DATA SHOWN:
######
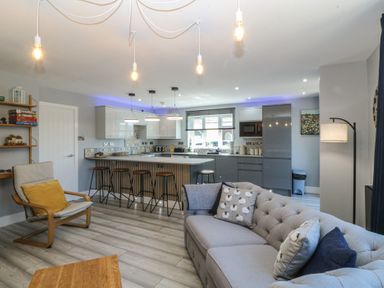 A living room with a kitchen island and bar stools at Ty Glan Morfa in Morfa Bychan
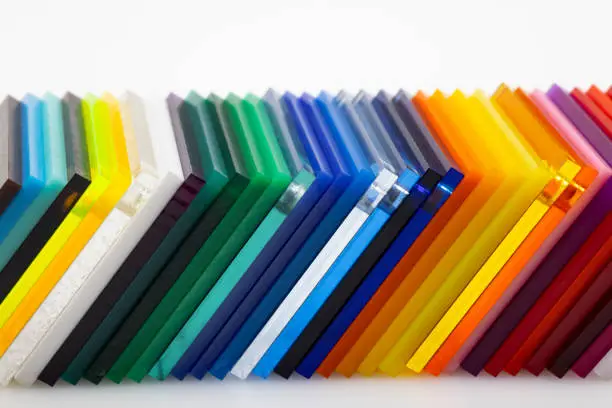 Photo of Colorful acrylic sheets plastic samples on white background , equipment for creativity and decoration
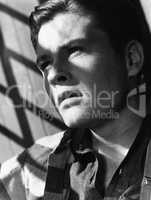 Portrait of young man with shadow of bars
######
TASK INSTRUCTIONS: Pictures are not part of the copy. Reproduce the lines from the one with "Photo of Colorful" through the end of the listing above.

SOLUTION TO THE EXERCISE:
 Photo of Colorful acrylic sheets plastic samples on white background , equipment for creativity and decoration
 Portrait of young man with shadow of bars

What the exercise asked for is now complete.